Le delusioni sono tutte lì, ad accampare un posto. Lì pronte a ferire come quei giorni vuoti in attesa. Molto struggente e melanconica ma bella.
Un dolore talmente intenso da annientare anche i battiti del cuore... ma poi, lentamente riprenderà le sue pulsazioni, volgendo altrove le proprie emozioni... Lirica molto apprezzata
un grande dolore filtrati da una scrittura scorrevole fluida e versi molto sentiti piaciuta
la musica accompagna splendidi versi forti pieni di dolore sentiti molto apprezzati...
Stanchezza dello spirito che penetra nell'esistenza... il silenzio di giorni vuoti che s'innestano con dolore nell'anima... ma una speranza ancora per sopravvivere e credere... Bellissima!
Inutile bersaglio è quello di un petto dove più non c'è un cuore che batte, inaridito, deceduto a causa di un dolore troppo forte per sopravvivergli.
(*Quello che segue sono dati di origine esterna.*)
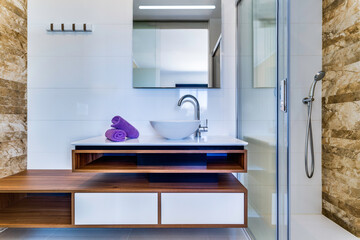 Łazienka remont wystrój design wykończenia prysznic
Non resta dunque che offrirsi, inermi, rassegnati ad un destino che ci ha privato di ogni sorta di sentimento, lasciando soltanto un corpo nudo e privo di emozioni.
Che bella Anto, malinconica ma piena di sentimento e coraggio. Avanzano i giorni vuoti verso di noi come per puntare un arco al cuore, un cuore che ormai non pulsa più. Bella la metafora, incalzante, questo cuore batte ancora si si solo che per difesa si è nascosto. Emozionante molto Anto, complimenti e la condivido!
Un lirica che ho letto in punta di piedi, senza respirare per la sua malinconica delicatezza che lascia una lacrima nel cuore. Lettura veramente bella. Sinceri complementi.
Questo bel componimento riesce ad irradiare, quasi a trasmettere il dolore dell'Autrice alla quale tributo solidarietà e grande apprezzamento.
La struggente espressività che si legge in questi versi lascia amarezza nell'anima e scuce da ogni pensiero l'idea della gioia. "Si sono accampati non lontano/dalle mie mura/, e nel leggere si pensa chissà a cosa, quando non sono altro che i giorni vuoti i protagonisti della storia. Quei giorni che continueranno ad essere bui e che, come scrive l'autrice: "tenderanno l'arco/per colpire/quest'opera incompiuta"... Riusciranno così ad annientare la voglia di ricominciare, allorché il cuore si lascerà morire, perché privo di sensazioni e di battiti per sconfingere la malinconia e la delusione e quel dolore che incombe imperterrito sul cammino d'una vita che non vede più la luminosità della luce. Poesia toccante e travolgente, ineccepibile nella stesura che, non può non catturare, l'attenzione del lettore. Bellissima e sentita!